Prove that $ABC$ is right-angled Prove that if $\cos^2{A} + \cos^2{B} + \cos^2{C} = 1$, then $ABC$ is right-angled.
I only found that $\sin^2{A} + \sin^2{B} + \sin^2{C} = 2$, but I have no idea what to do next.
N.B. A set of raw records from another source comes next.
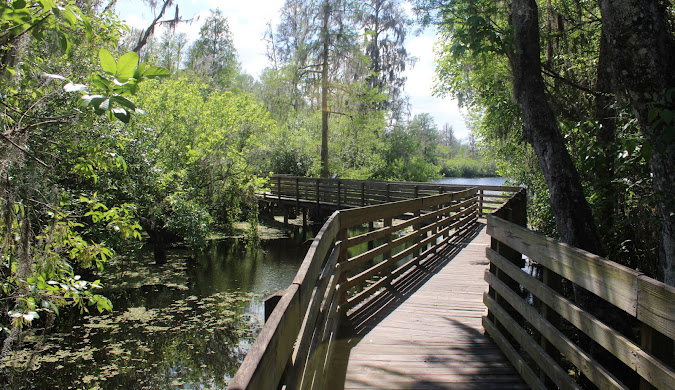 Printing Services in Maitland, FL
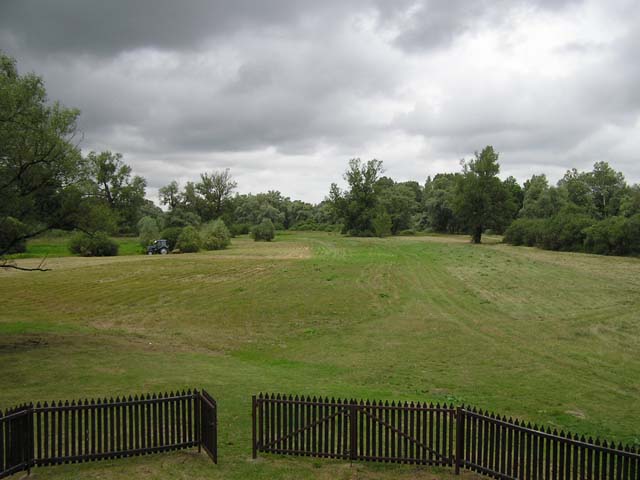 Monasterska łąka nad Bugiem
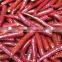 IQF frozen chilli/BQF chilli paste with BRC certificate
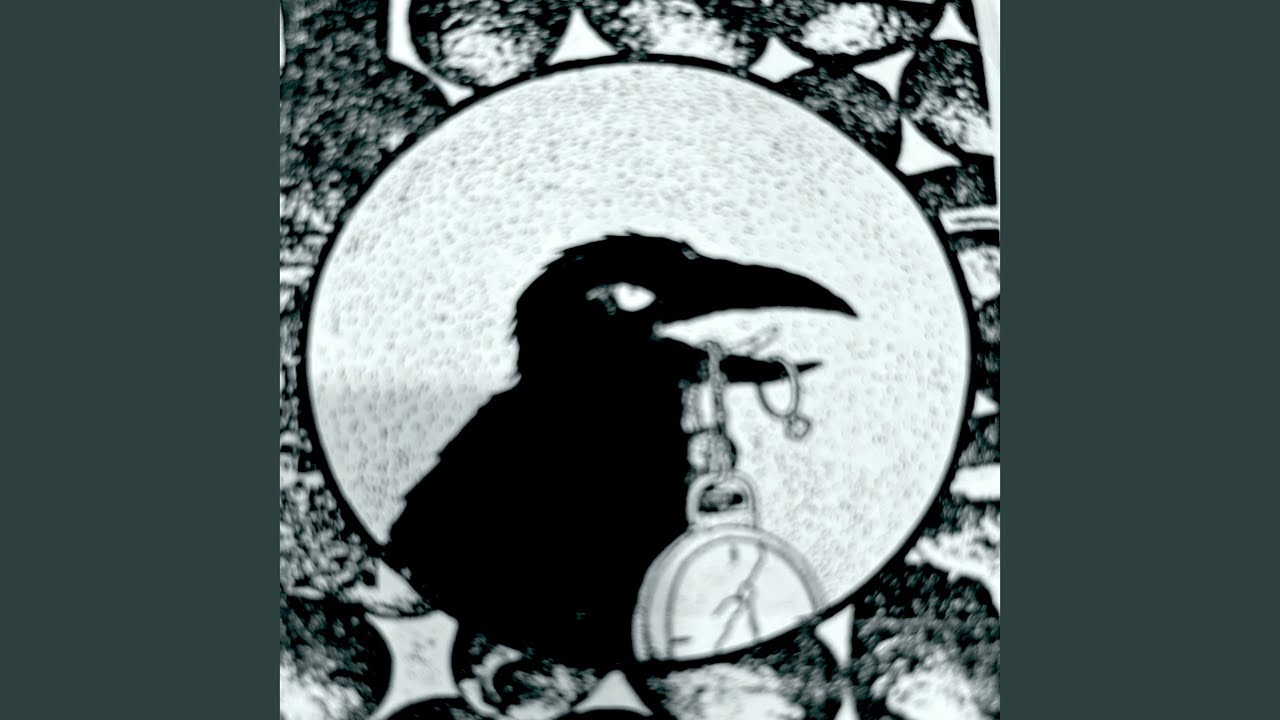 Black Crow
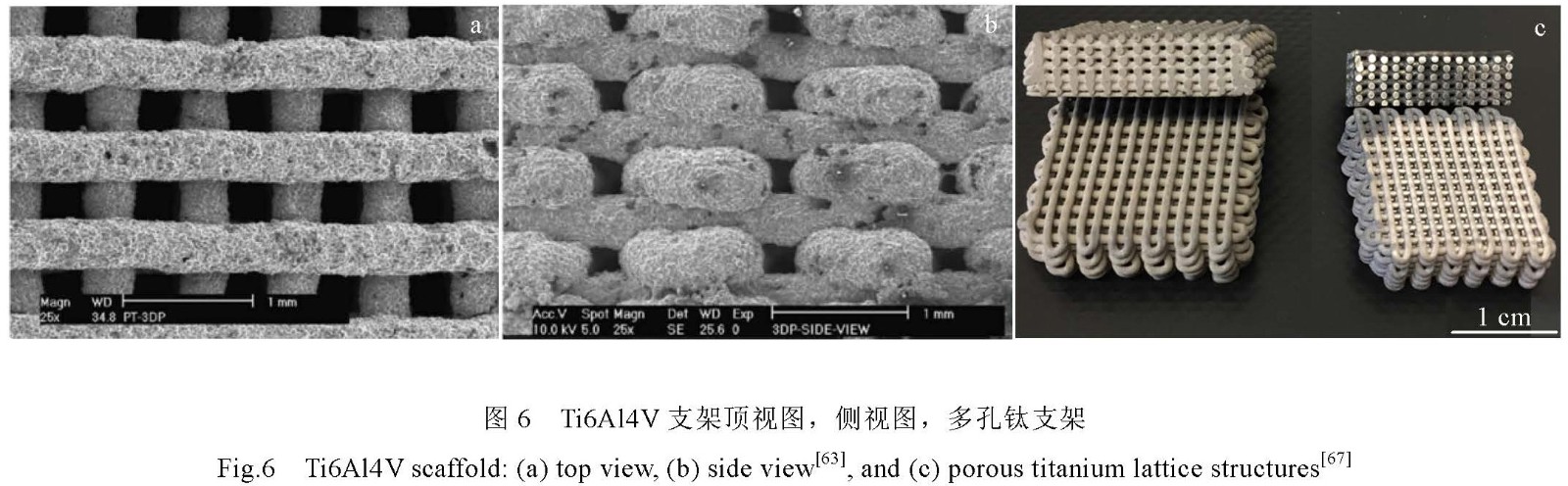 1681198845715042.jpg t6.jpg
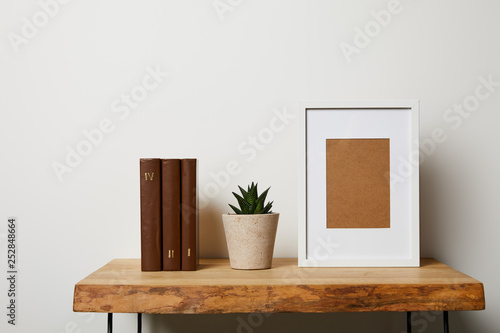 books near cactus in pot and frame on wooden table © LIGHTFIELD STUDIOS
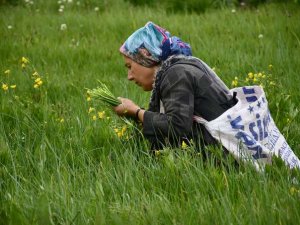 Bitkiler vatandaşlara ekmek kapısı oldu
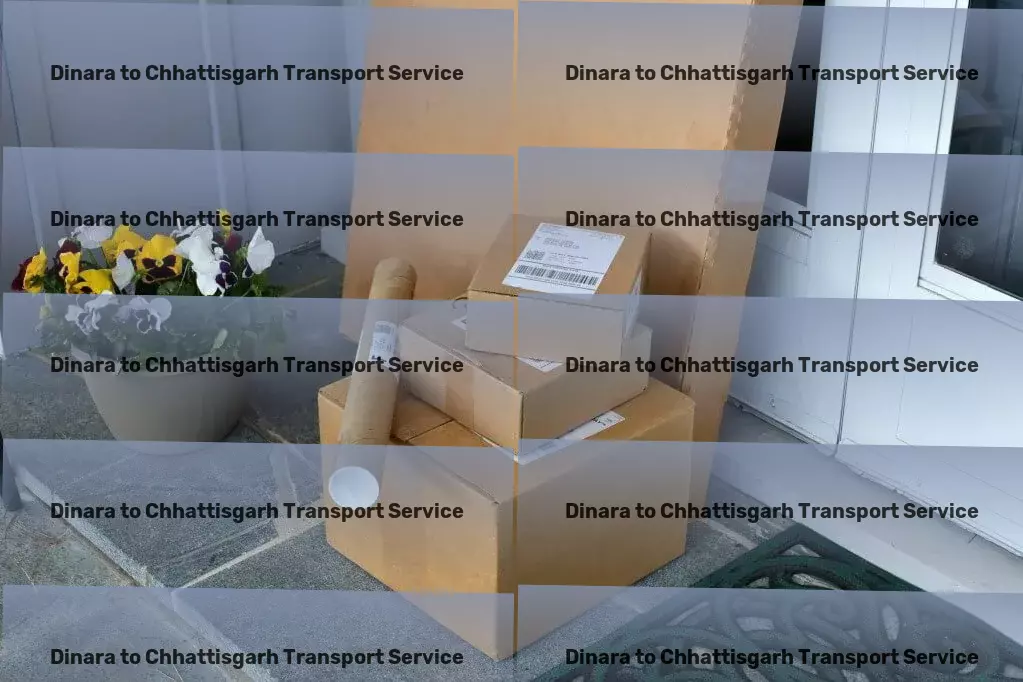 Dinara to Chhattisgarh Transport City-to-city goods logistics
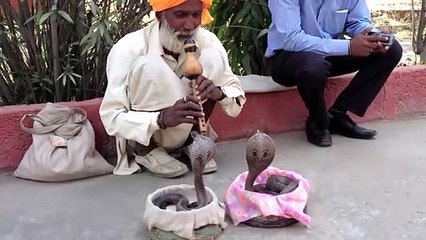 Download Video: Indian snake charmers are amazing.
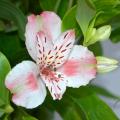 Winterharde Alstroemeria's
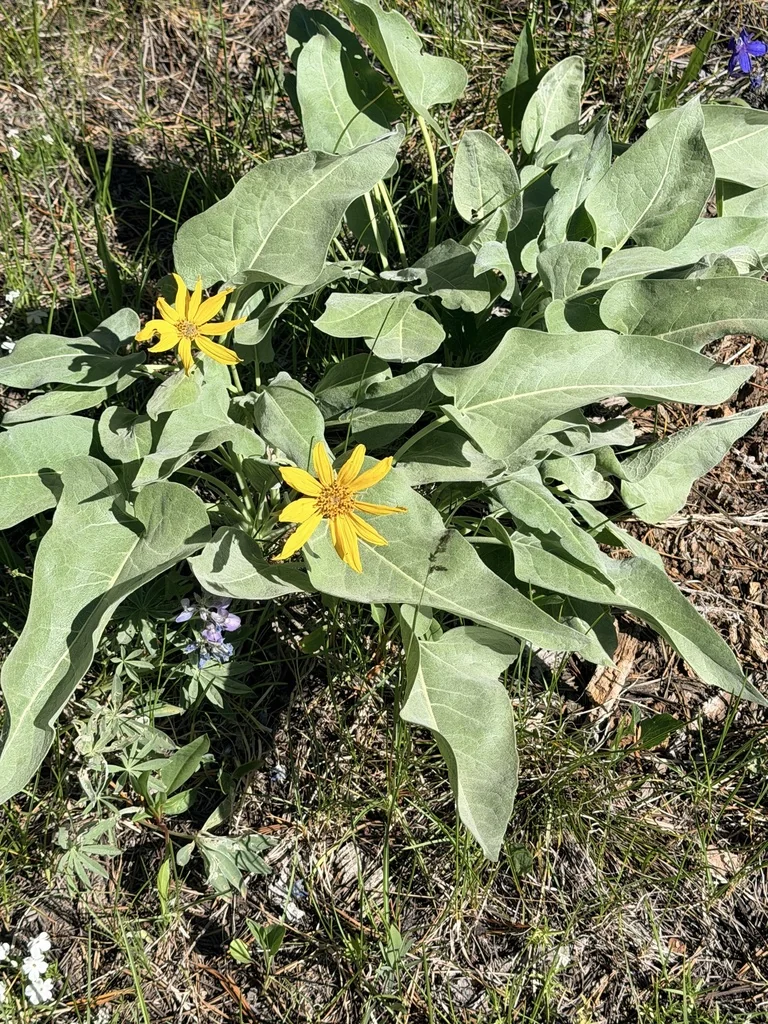 Balsamorhiza Sagittata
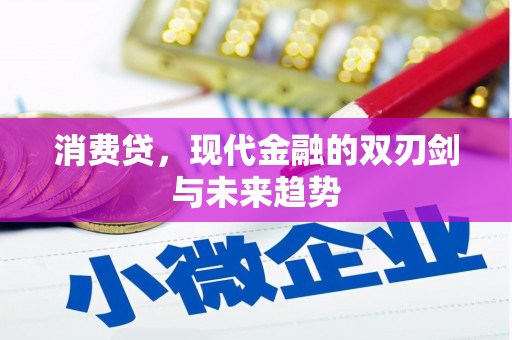 双溪消费贷，现代金融的双刃剑与未来趋势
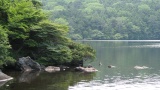 白駒池 / Shirakoma Pond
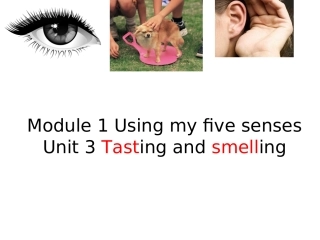 Unit3Tastingandsmelling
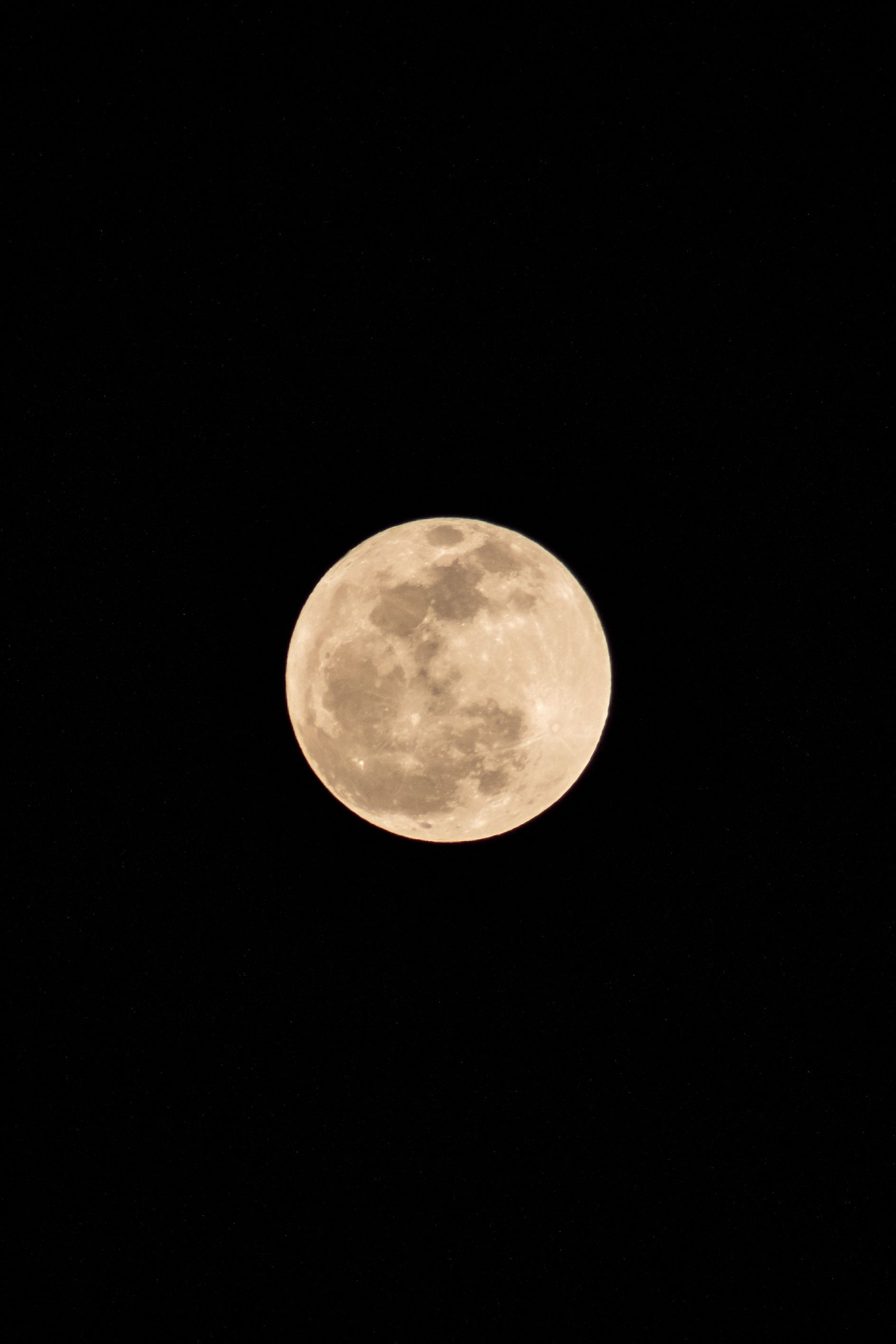 Full Moon in the Night Sky · Free Stock Photo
Thank you in advance for your answers!
 A: $$\cos^2{A} + \cos^2{B} + \cos^2{C} = 1$$
Use $\cos^2{A} =\frac{1+\cos2A}2$. Then 
$$\cos2A+\cos2B+\cos2C=-1$$
Use $\cos2A+\cos2B+\cos2C=-1-4\cos A\cos B\cos C$
Then $$-1-4\cos A\cos B\cos C=-1$$
$$4\cos A\cos B\cos C=0$$
Then $\angle A$ or $\angle B$ or $\angle C$ is $\frac{\pi}{2}$
A: HINT:
$$F=\cos^2A+\cos^2B+\cos^2C=\cos^2A-\sin^2B+\cos^2C+1$$
Now using Prove that $\cos (A + B)\cos (A - B) = {\cos ^2}A - {\sin ^2}B$,
$$F=\cos(A+B)\cos(A-B)+\cos^2C+1$$
Now as $\cos(A+B)=\cos(\pi-C)=-\cos C,$
$$F=-\cos C\cos(A-B)+\cos C\{-\cos(A+B)\}=1-\cos C(2\cos A\cos B)$$
A: By $½$-angle relations, $cos²(A)+cos²(B)+cos²
(C) = 1 + ½{cos(2A)+cos(2B)} + cos²(C)$
$= 1 + cos(A+B)cos(A−B) + cos²(C) = 1 – cos
(C)cos(A−B) + cos²(C),$ using $A+B=π−C$
$= 1 + cos(C){cos(C) −cos(A−B)} = 1 − 2cos
(C)sin(½(C−A+B))sin(½(C+A−B))$
$= 1 – 2cos(C)sin(½π−A)sin( ½π−B) = 1 –
2cos(A)cos(B)cos(C)$
$∴ cos²(A)+cos²(B)+cos²(C) = 1 → cos(A)cos
(B)cos(C) = 0 → A,B or C = ½π$
A: As you found that $\sin^2{A} + \sin^2{B} + \sin^2{C} = 2$ note that $\sin^2 \theta + \cos^2 \theta =1$
Then $1-\cos^2 A + 1- \cos^2 B + 1 - \cos^2 C = 2$
$ 3 -(\cos^2 A + \cos^2 B + \cos^2 C)= 2$
$3 - 2 = \cos^2 A + \cos^2 B + \cos^2 C$
$\cos^2 A + \cos^2 B + \cos^2 C =1$